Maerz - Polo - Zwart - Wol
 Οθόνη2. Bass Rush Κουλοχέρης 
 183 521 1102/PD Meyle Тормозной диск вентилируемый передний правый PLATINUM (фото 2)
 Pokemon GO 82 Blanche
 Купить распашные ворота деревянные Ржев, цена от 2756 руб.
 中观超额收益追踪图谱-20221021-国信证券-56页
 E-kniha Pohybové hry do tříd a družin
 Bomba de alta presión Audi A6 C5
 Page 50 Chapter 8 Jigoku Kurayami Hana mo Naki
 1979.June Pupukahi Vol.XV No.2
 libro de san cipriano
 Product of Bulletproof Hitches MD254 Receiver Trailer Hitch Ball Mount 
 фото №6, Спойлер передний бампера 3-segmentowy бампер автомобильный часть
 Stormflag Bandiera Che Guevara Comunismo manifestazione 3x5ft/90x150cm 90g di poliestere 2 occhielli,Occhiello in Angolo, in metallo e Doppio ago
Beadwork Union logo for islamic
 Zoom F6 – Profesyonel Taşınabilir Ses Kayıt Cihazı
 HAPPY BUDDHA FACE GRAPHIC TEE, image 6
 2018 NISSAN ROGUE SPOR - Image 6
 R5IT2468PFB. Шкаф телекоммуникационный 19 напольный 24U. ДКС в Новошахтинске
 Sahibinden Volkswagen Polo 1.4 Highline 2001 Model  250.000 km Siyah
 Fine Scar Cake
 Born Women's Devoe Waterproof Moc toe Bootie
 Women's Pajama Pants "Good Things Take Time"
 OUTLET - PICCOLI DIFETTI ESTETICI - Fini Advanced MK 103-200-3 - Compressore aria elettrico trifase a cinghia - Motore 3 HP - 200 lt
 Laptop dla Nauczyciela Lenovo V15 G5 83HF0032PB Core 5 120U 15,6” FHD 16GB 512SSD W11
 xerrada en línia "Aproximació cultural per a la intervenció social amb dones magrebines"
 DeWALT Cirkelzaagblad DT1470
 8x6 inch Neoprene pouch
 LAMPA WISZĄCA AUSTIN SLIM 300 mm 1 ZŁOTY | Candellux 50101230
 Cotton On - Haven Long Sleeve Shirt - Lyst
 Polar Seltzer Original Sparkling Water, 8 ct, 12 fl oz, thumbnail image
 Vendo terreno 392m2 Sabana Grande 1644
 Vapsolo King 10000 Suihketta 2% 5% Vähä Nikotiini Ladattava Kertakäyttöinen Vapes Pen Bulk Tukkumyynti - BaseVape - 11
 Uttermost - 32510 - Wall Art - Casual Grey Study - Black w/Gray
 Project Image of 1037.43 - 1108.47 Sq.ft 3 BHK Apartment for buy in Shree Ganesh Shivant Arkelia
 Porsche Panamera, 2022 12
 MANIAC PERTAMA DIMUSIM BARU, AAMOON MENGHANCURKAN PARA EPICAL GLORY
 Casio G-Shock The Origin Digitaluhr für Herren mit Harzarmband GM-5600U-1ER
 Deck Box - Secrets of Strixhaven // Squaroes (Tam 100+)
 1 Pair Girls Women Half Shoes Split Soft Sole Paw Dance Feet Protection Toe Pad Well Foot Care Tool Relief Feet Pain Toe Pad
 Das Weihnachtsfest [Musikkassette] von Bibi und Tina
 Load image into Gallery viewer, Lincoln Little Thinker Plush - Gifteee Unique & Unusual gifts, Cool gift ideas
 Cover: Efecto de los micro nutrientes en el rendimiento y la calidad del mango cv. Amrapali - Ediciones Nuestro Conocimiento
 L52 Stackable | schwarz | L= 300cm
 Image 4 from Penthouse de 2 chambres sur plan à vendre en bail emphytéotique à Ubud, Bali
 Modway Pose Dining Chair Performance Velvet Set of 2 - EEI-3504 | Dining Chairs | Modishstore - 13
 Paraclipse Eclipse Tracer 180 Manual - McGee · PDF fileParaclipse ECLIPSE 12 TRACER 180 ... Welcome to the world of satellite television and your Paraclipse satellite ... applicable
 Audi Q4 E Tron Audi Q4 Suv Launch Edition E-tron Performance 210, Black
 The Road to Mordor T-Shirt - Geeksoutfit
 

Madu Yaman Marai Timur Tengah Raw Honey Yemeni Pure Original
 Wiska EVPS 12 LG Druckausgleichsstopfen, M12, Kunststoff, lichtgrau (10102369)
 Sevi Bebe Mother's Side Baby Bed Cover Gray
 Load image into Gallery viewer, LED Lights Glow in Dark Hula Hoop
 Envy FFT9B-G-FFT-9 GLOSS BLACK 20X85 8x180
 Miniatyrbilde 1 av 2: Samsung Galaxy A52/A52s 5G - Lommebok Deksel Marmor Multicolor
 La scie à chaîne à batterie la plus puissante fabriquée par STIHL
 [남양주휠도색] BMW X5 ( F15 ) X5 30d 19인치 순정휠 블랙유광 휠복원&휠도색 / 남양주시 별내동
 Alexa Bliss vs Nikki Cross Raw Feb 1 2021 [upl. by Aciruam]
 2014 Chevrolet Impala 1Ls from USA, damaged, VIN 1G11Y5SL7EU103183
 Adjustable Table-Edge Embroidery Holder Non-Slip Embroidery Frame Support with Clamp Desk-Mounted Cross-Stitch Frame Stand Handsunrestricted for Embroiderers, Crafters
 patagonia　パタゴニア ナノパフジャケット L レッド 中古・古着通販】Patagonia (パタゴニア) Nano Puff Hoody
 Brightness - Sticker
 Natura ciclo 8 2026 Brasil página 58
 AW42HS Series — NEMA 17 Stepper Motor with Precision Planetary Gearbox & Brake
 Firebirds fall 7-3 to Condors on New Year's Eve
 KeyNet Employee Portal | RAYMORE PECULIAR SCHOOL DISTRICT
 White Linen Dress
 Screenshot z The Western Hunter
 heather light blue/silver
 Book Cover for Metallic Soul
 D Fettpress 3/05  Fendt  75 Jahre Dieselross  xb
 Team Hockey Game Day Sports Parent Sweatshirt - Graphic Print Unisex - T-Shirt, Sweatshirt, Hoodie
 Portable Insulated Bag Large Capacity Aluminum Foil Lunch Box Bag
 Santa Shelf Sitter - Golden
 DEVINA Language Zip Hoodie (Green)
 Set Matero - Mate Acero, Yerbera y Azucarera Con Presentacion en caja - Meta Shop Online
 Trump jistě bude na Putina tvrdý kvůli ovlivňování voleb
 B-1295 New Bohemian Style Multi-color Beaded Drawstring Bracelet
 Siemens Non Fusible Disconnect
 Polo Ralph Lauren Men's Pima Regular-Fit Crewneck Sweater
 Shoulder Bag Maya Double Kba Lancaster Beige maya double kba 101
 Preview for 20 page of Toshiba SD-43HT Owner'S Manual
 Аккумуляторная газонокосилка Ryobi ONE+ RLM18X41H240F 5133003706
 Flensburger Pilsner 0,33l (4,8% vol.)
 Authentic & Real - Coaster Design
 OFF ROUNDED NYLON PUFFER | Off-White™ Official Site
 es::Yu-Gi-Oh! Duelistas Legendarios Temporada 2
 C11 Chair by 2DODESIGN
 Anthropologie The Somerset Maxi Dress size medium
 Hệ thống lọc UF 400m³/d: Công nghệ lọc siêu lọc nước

··········

What is expected
Reproduce all of the material verbatim.

Expected answer
Maerz - Polo - Zwart - Wol
 Οθόνη2. Bass Rush Κουλοχέρης 
 183 521 1102/PD Meyle Тормозной диск вентилируемый передний правый PLATINUM (фото 2)
 Pokemon GO 82 Blanche
 Купить распашные ворота деревянные Ржев, цена от 2756 руб.
 中观超额收益追踪图谱-20221021-国信证券-56页
 E-kniha Pohybové hry do tříd a družin
 Bomba de alta presión Audi A6 C5
 Page 50 Chapter 8 Jigoku Kurayami Hana mo Naki
 1979.June Pupukahi Vol.XV No.2
 libro de san cipriano
 Product of Bulletproof Hitches MD254 Receiver Trailer Hitch Ball Mount 
 фото №6, Спойлер передний бампера 3-segmentowy бампер автомобильный часть
 Stormflag Bandiera Che Guevara Comunismo manifestazione 3x5ft/90x150cm 90g di poliestere 2 occhielli,Occhiello in Angolo, in metallo e Doppio ago
Beadwork Union logo for islamic
 Zoom F6 – Profesyonel Taşınabilir Ses Kayıt Cihazı
 HAPPY BUDDHA FACE GRAPHIC TEE, image 6
 2018 NISSAN ROGUE SPOR - Image 6
 R5IT2468PFB. Шкаф телекоммуникационный 19 напольный 24U. ДКС в Новошахтинске
 Sahibinden Volkswagen Polo 1.4 Highline 2001 Model  250.000 km Siyah
 Fine Scar Cake
 Born Women's Devoe Waterproof Moc toe Bootie
 Women's Pajama Pants "Good Things Take Time"
 OUTLET - PICCOLI DIFETTI ESTETICI - Fini Advanced MK 103-200-3 - Compressore aria elettrico trifase a cinghia - Motore 3 HP - 200 lt
 Laptop dla Nauczyciela Lenovo V15 G5 83HF0032PB Core 5 120U 15,6” FHD 16GB 512SSD W11
 xerrada en línia "Aproximació cultural per a la intervenció social amb dones magrebines"
 DeWALT Cirkelzaagblad DT1470
 8x6 inch Neoprene pouch
 LAMPA WISZĄCA AUSTIN SLIM 300 mm 1 ZŁOTY | Candellux 50101230
 Cotton On - Haven Long Sleeve Shirt - Lyst
 Polar Seltzer Original Sparkling Water, 8 ct, 12 fl oz, thumbnail image
 Vendo terreno 392m2 Sabana Grande 1644
 Vapsolo King 10000 Suihketta 2% 5% Vähä Nikotiini Ladattava Kertakäyttöinen Vapes Pen Bulk Tukkumyynti - BaseVape - 11
 Uttermost - 32510 - Wall Art - Casual Grey Study - Black w/Gray
 Project Image of 1037.43 - 1108.47 Sq.ft 3 BHK Apartment for buy in Shree Ganesh Shivant Arkelia
 Porsche Panamera, 2022 12
 MANIAC PERTAMA DIMUSIM BARU, AAMOON MENGHANCURKAN PARA EPICAL GLORY
 Casio G-Shock The Origin Digitaluhr für Herren mit Harzarmband GM-5600U-1ER
 Deck Box - Secrets of Strixhaven // Squaroes (Tam 100+)
 1 Pair Girls Women Half Shoes Split Soft Sole Paw Dance Feet Protection Toe Pad Well Foot Care Tool Relief Feet Pain Toe Pad
 Das Weihnachtsfest [Musikkassette] von Bibi und Tina
 Load image into Gallery viewer, Lincoln Little Thinker Plush - Gifteee Unique & Unusual gifts, Cool gift ideas
 Cover: Efecto de los micro nutrientes en el rendimiento y la calidad del mango cv. Amrapali - Ediciones Nuestro Conocimiento
 L52 Stackable | schwarz | L= 300cm
 Image 4 from Penthouse de 2 chambres sur plan à vendre en bail emphytéotique à Ubud, Bali
 Modway Pose Dining Chair Performance Velvet Set of 2 - EEI-3504 | Dining Chairs | Modishstore - 13
 Paraclipse Eclipse Tracer 180 Manual - McGee · PDF fileParaclipse ECLIPSE 12 TRACER 180 ... Welcome to the world of satellite television and your Paraclipse satellite ... applicable
 Audi Q4 E Tron Audi Q4 Suv Launch Edition E-tron Performance 210, Black
 The Road to Mordor T-Shirt - Geeksoutfit
 

Madu Yaman Marai Timur Tengah Raw Honey Yemeni Pure Original
 Wiska EVPS 12 LG Druckausgleichsstopfen, M12, Kunststoff, lichtgrau (10102369)
 Sevi Bebe Mother's Side Baby Bed Cover Gray
 Load image into Gallery viewer, LED Lights Glow in Dark Hula Hoop
 Envy FFT9B-G-FFT-9 GLOSS BLACK 20X85 8x180
 Miniatyrbilde 1 av 2: Samsung Galaxy A52/A52s 5G - Lommebok Deksel Marmor Multicolor
 La scie à chaîne à batterie la plus puissante fabriquée par STIHL
 [남양주휠도색] BMW X5 ( F15 ) X5 30d 19인치 순정휠 블랙유광 휠복원&휠도색 / 남양주시 별내동
 Alexa Bliss vs Nikki Cross Raw Feb 1 2021 [upl. by Aciruam]
 2014 Chevrolet Impala 1Ls from USA, damaged, VIN 1G11Y5SL7EU103183
 Adjustable Table-Edge Embroidery Holder Non-Slip Embroidery Frame Support with Clamp Desk-Mounted Cross-Stitch Frame Stand Handsunrestricted for Embroiderers, Crafters
 patagonia　パタゴニア ナノパフジャケット L レッド 中古・古着通販】Patagonia (パタゴニア) Nano Puff Hoody
 Brightness - Sticker
 Natura ciclo 8 2026 Brasil página 58
 AW42HS Series — NEMA 17 Stepper Motor with Precision Planetary Gearbox & Brake
 Firebirds fall 7-3 to Condors on New Year's Eve
 KeyNet Employee Portal | RAYMORE PECULIAR SCHOOL DISTRICT
 White Linen Dress
 Screenshot z The Western Hunter
 heather light blue/silver
 Book Cover for Metallic Soul
 D Fettpress 3/05  Fendt  75 Jahre Dieselross  xb
 Team Hockey Game Day Sports Parent Sweatshirt - Graphic Print Unisex - T-Shirt, Sweatshirt, Hoodie
 Portable Insulated Bag Large Capacity Aluminum Foil Lunch Box Bag
 Santa Shelf Sitter - Golden
 DEVINA Language Zip Hoodie (Green)
 Set Matero - Mate Acero, Yerbera y Azucarera Con Presentacion en caja - Meta Shop Online
 Trump jistě bude na Putina tvrdý kvůli ovlivňování voleb
 B-1295 New Bohemian Style Multi-color Beaded Drawstring Bracelet
 Siemens Non Fusible Disconnect
 Polo Ralph Lauren Men's Pima Regular-Fit Crewneck Sweater
 Shoulder Bag Maya Double Kba Lancaster Beige maya double kba 101
 Preview for 20 page of Toshiba SD-43HT Owner'S Manual
 Аккумуляторная газонокосилка Ryobi ONE+ RLM18X41H240F 5133003706
 Flensburger Pilsner 0,33l (4,8% vol.)
 Authentic & Real - Coaster Design
 OFF ROUNDED NYLON PUFFER | Off-White™ Official Site
 es::Yu-Gi-Oh! Duelistas Legendarios Temporada 2
 C11 Chair by 2DODESIGN
 Anthropologie The Somerset Maxi Dress size medium
 Hệ thống lọc UF 400m³/d: Công nghệ lọc siêu lọc nước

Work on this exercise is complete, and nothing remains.